Records for the task
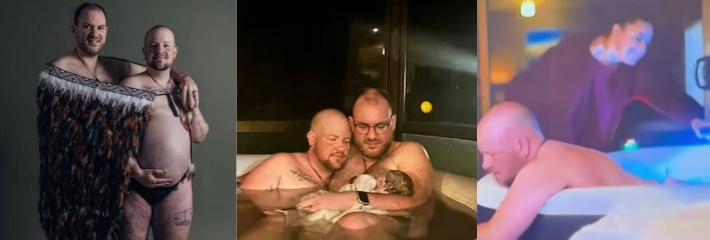 在新西兰 一名生理上认为自己是男性并服用雄性激素的女性 与她的男同性恋丈夫怀孕并生下了一个北鼻！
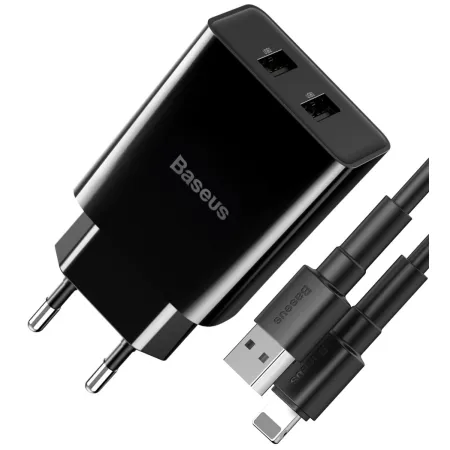 Сетевое зарядное устройство Baseus Speed Mini Dual U Charger 2USB 2.1A 10.5W + Кабель 2.4A USB to Lightning 1м Черный
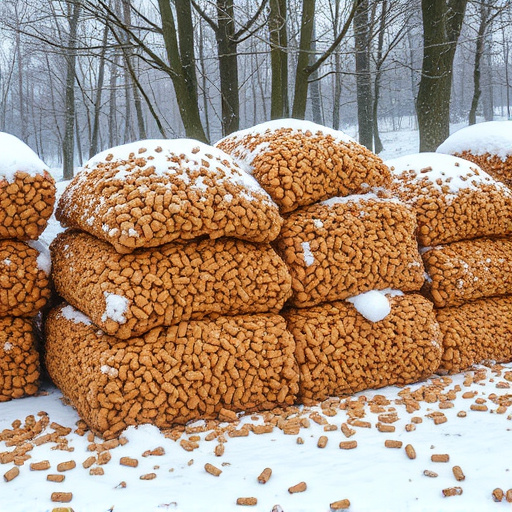 Piles of suet pellets for winter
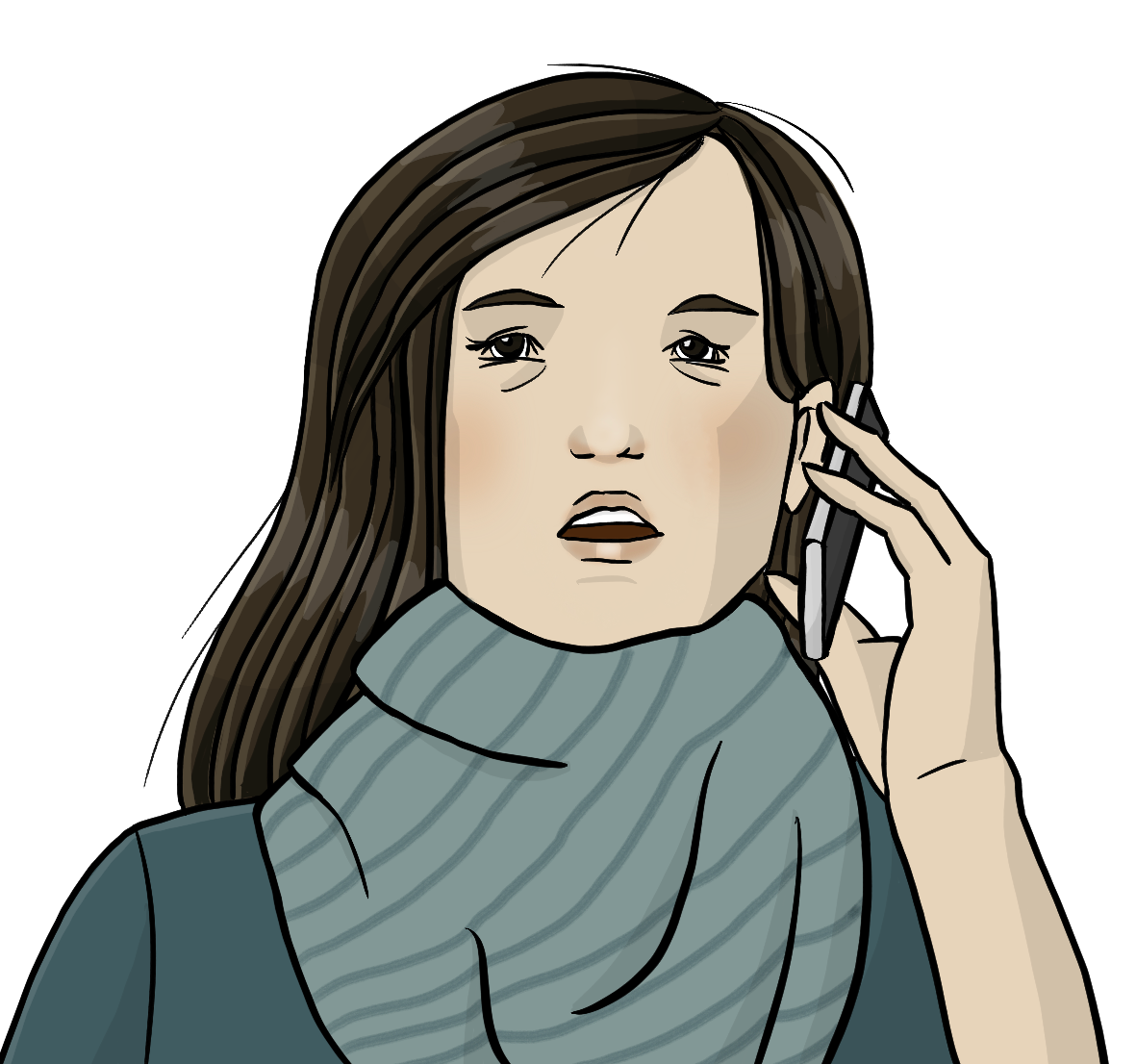 Eine Frau spricht in ein Handy. Sie trägt einen Schal und ihre Augen sind gerötet.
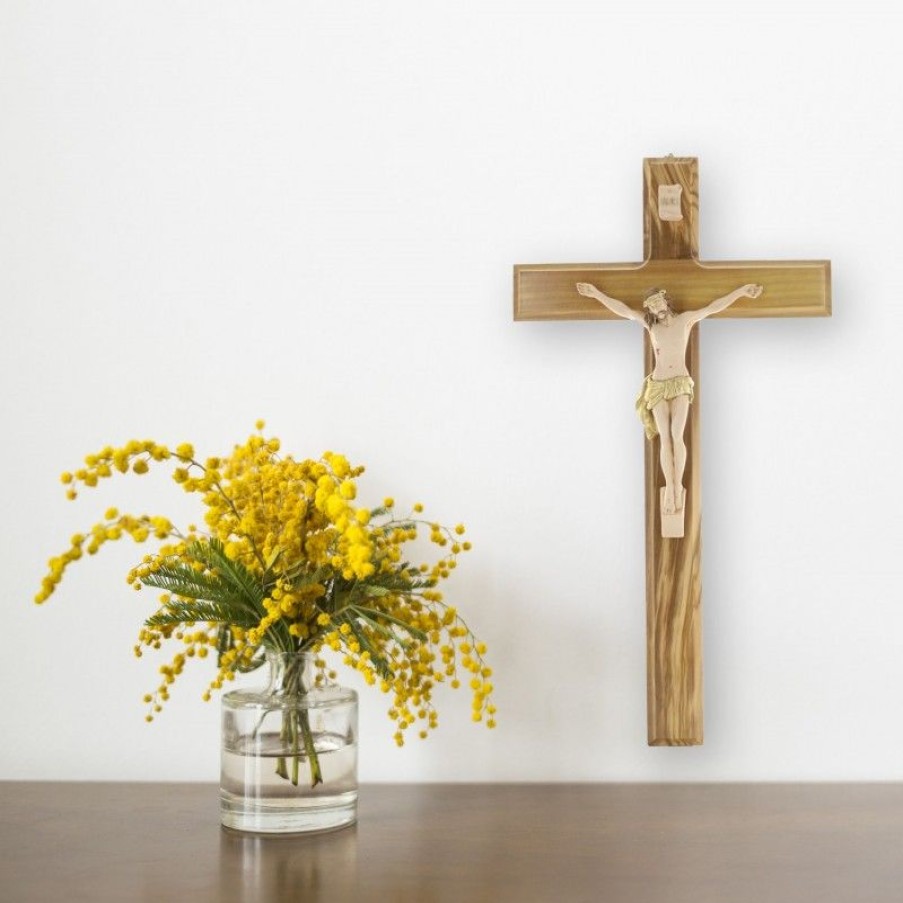 Palais du Rosaire Crucifix Bois | Crucifix En Bois D'Olivier Avec Christ En Resine 50 Cm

Problem to solve
Could the entries above be written out word for word, pictures excluded?

Response to this task
 在新西兰 一名生理上认为自己是男性并服用雄性激素的女性 与她的男同性恋丈夫怀孕并生下了一个北鼻！
 Сетевое зарядное устройство Baseus Speed Mini Dual U Charger 2USB 2.1A 10.5W + Кабель 2.4A USB to Lightning 1м Черный
 Piles of suet pellets for winter
 Eine Frau spricht in ein Handy. Sie trägt einen Schal und ihre Augen sind gerötet.
 Palais du Rosaire Crucifix Bois | Crucifix En Bois D'Olivier Avec Christ En Resine 50 Cm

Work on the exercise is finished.